| Problem details |
Repeat every record exactly, omitting the pictures.

| Available data |
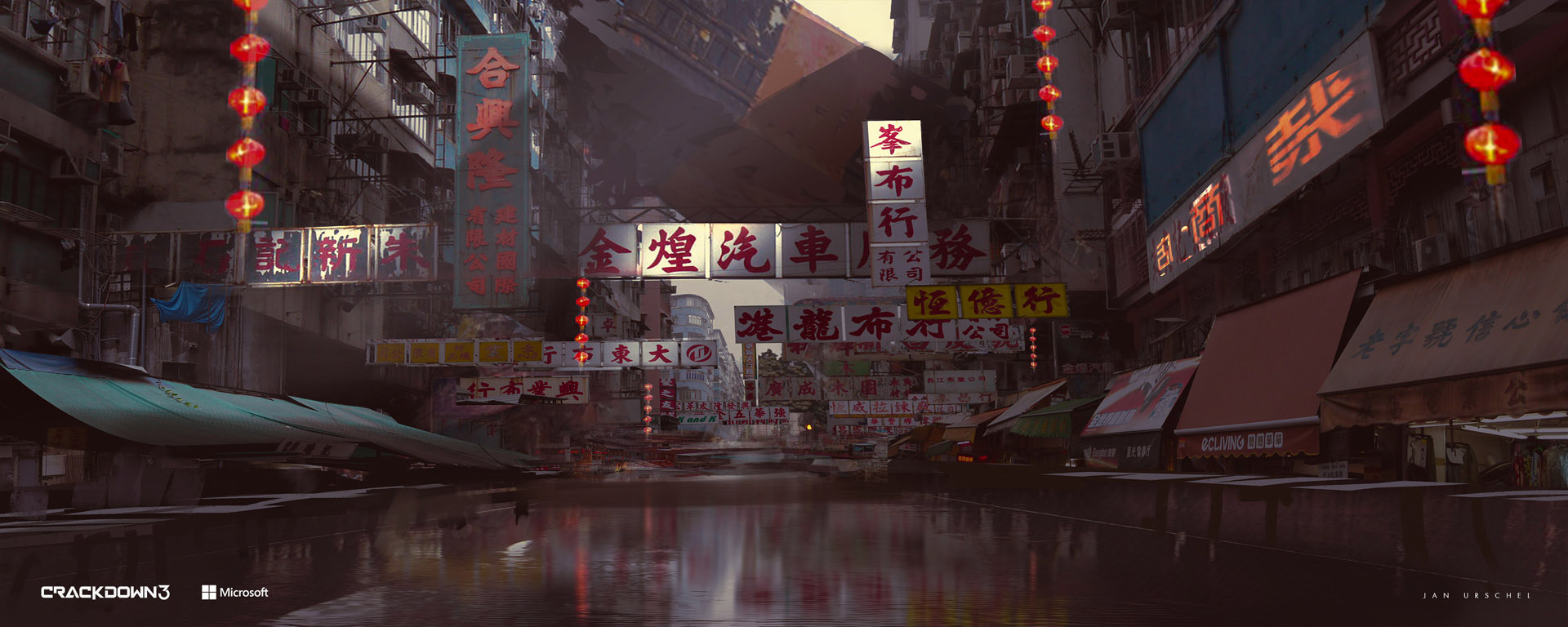 Repression 3，conceptual design，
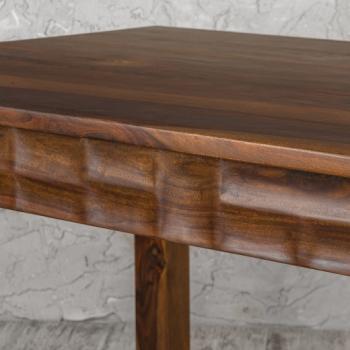 Стол обеденный из дерева палисандр Decor of today Шейп 02401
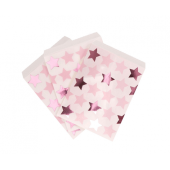 Sweetie Bags Little Star Pink, 25 Pcs.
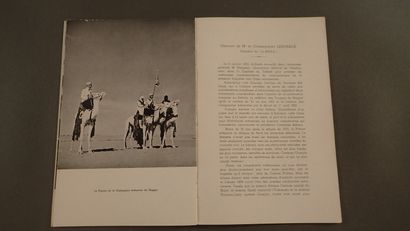 Fascicule « Cinquantenaire des Compagnies...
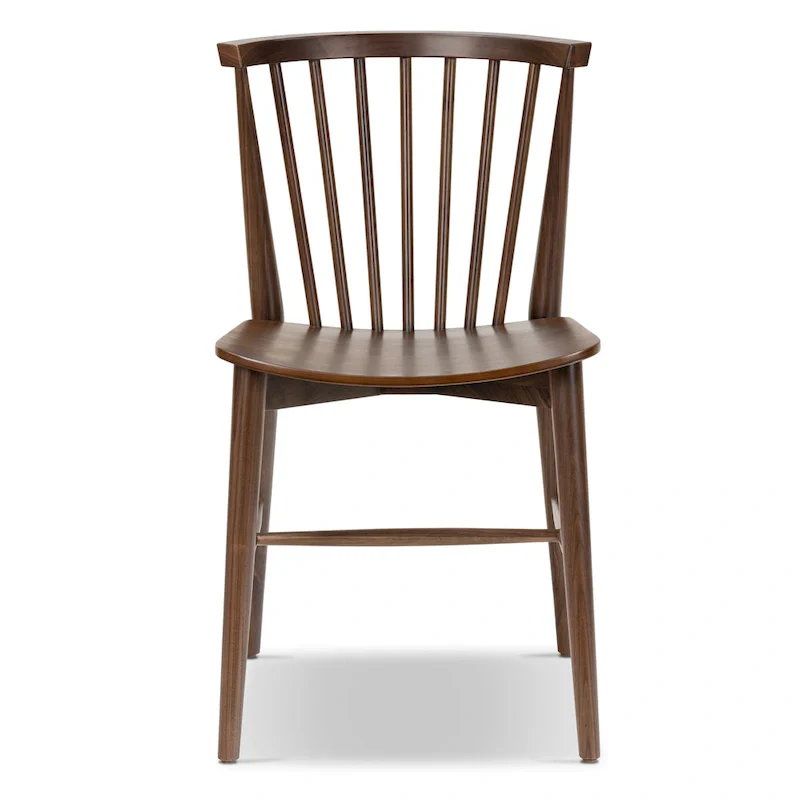 Poly & Bark Ligna Dining Chair - Spindled Bark with Solid Wood Frame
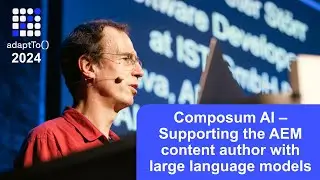 Composum AI - Supporting the AEM content author with large language models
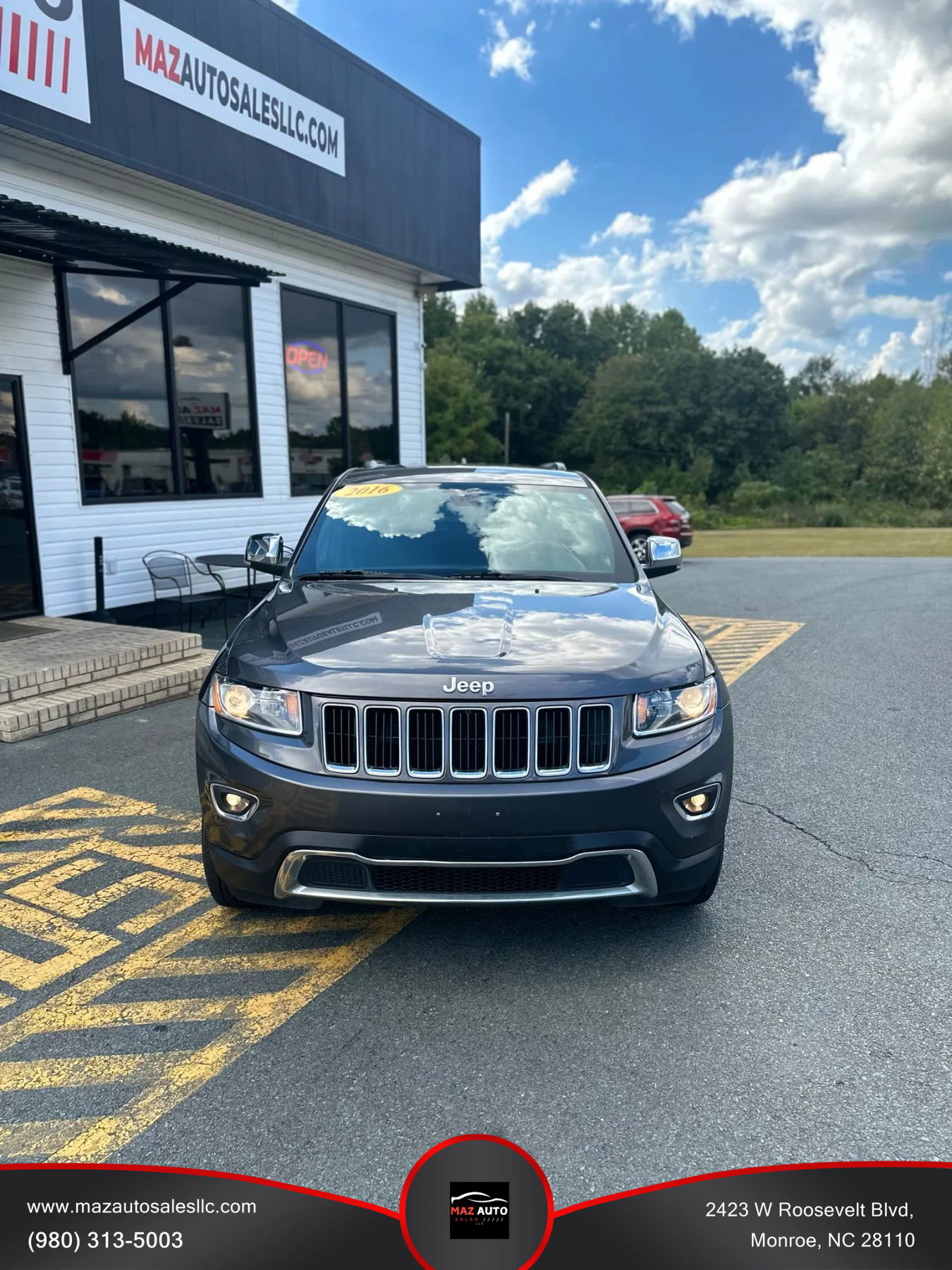 Used 2016 Jeep Grand Cherokee Limited image 2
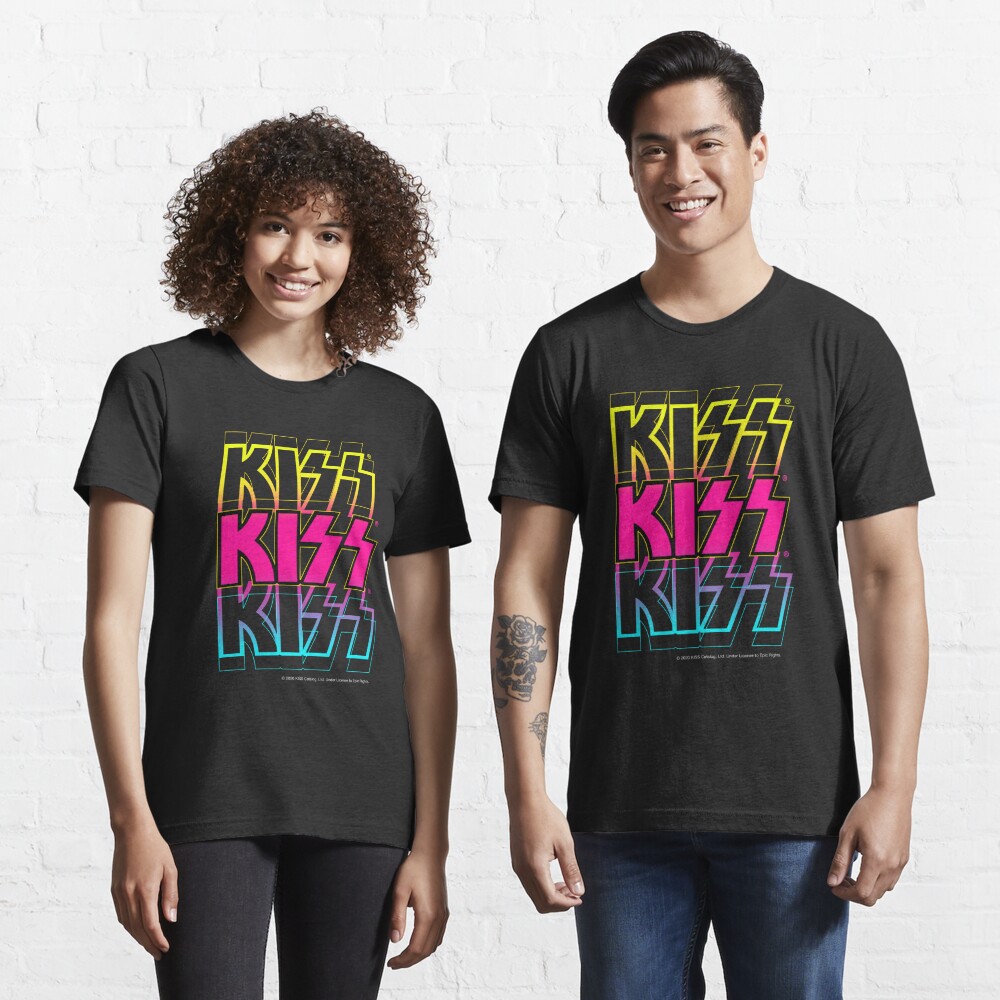 Discover KISS Neon Trail Design | Essential T-Shirt 
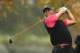 THOUSAND OAKS, CA - DECEMBER 02: Tiger Woods hits his tee shot on the fifth hole during the final round of the Tiger Woods World Challenge Presented by Northwestern Mutual at Sherwood Country Club on December 2, 2012 in Thousand Oaks, California. (Photo by Stephen Dunn/Getty Images)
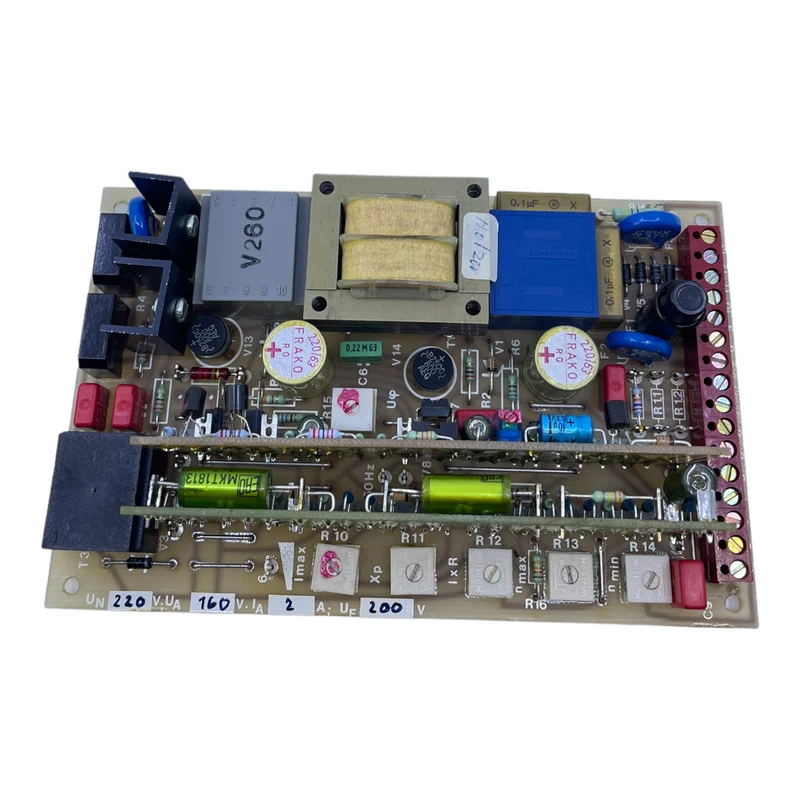 Gamma AX102 Platine für industriellen Einsatz AX102 für Industriellen Einsatz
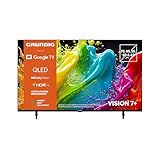 GRUNDIG 43 VOE 84 Q Fernseher 43 Zoll (108 cm) QLED TV, VPI 1800, Google TV, 4K...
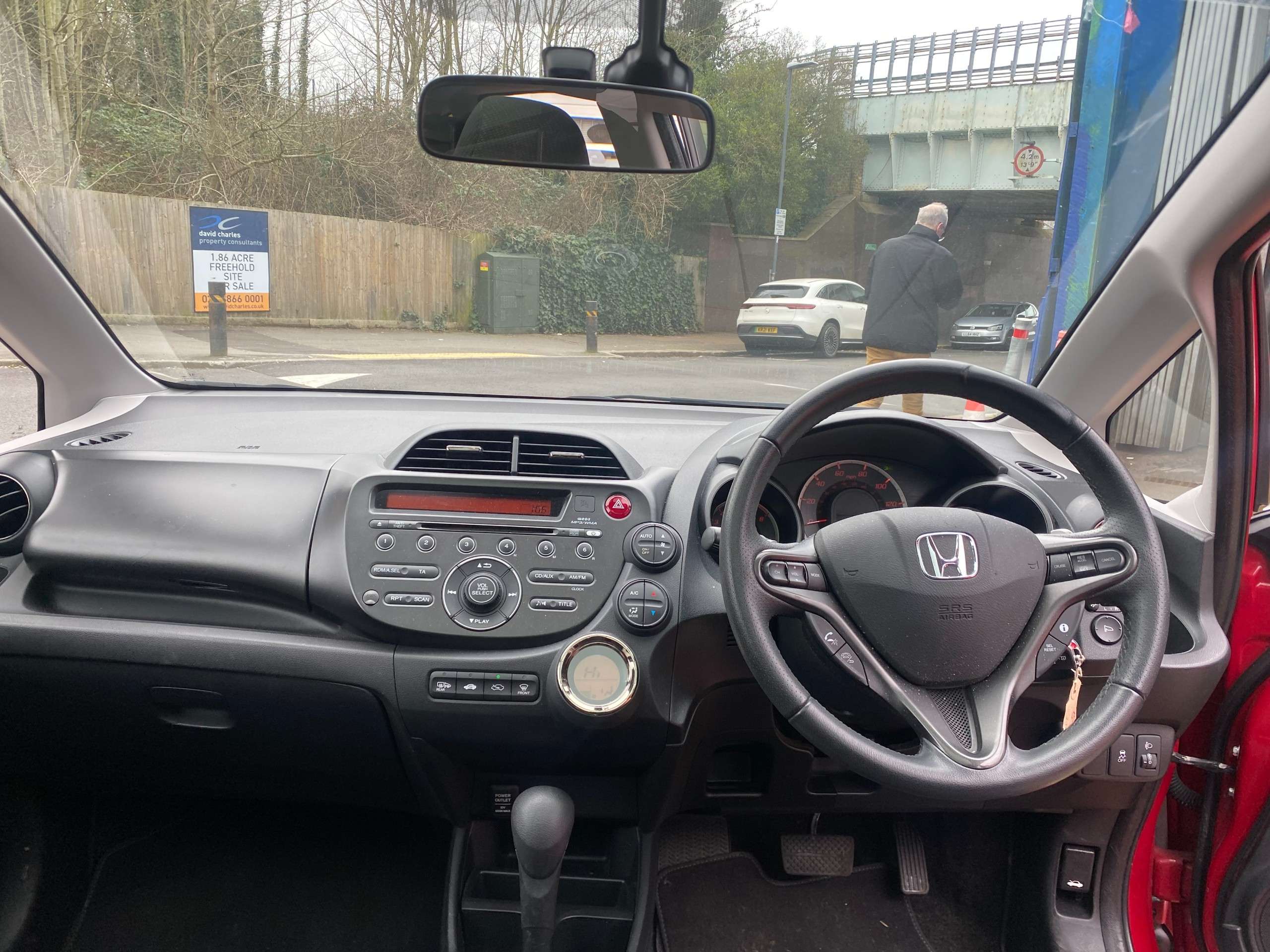 A 2014 HONDA JAZZ 1.4 i-VTEC EX Hatchback 5dr Petrol CVT Euro 5 (99 ps) A 2014 HONDA JAZZ 1.4 i-VTEC EX Hatchback 5dr Petrol CVT Euro 5 (99 ps)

| Answer to this problem |
 Repression 3，conceptual design，
 Стол обеденный из дерева палисандр Decor of today Шейп 02401
 Sweetie Bags Little Star Pink, 25 Pcs.
 Fascicule « Cinquantenaire des Compagnies...
 Poly & Bark Ligna Dining Chair - Spindled Bark with Solid Wood Frame
 Composum AI - Supporting the AEM content author with large language models
 Used 2016 Jeep Grand Cherokee Limited image 2
 Discover KISS Neon Trail Design | Essential T-Shirt 
 THOUSAND OAKS, CA - DECEMBER 02: Tiger Woods hits his tee shot on the fifth hole during the final round of the Tiger Woods World Challenge Presented by Northwestern Mutual at Sherwood Country Club on December 2, 2012 in Thousand Oaks, California. (Photo by Stephen Dunn/Getty Images)
 Gamma AX102 Platine für industriellen Einsatz AX102 für Industriellen Einsatz
 GRUNDIG 43 VOE 84 Q Fernseher 43 Zoll (108 cm) QLED TV, VPI 1800, Google TV, 4K...
 A 2014 HONDA JAZZ 1.4 i-VTEC EX Hatchback 5dr Petrol CVT Euro 5 (99 ps) A 2014 HONDA JAZZ 1.4 i-VTEC EX Hatchback 5dr Petrol CVT Euro 5 (99 ps)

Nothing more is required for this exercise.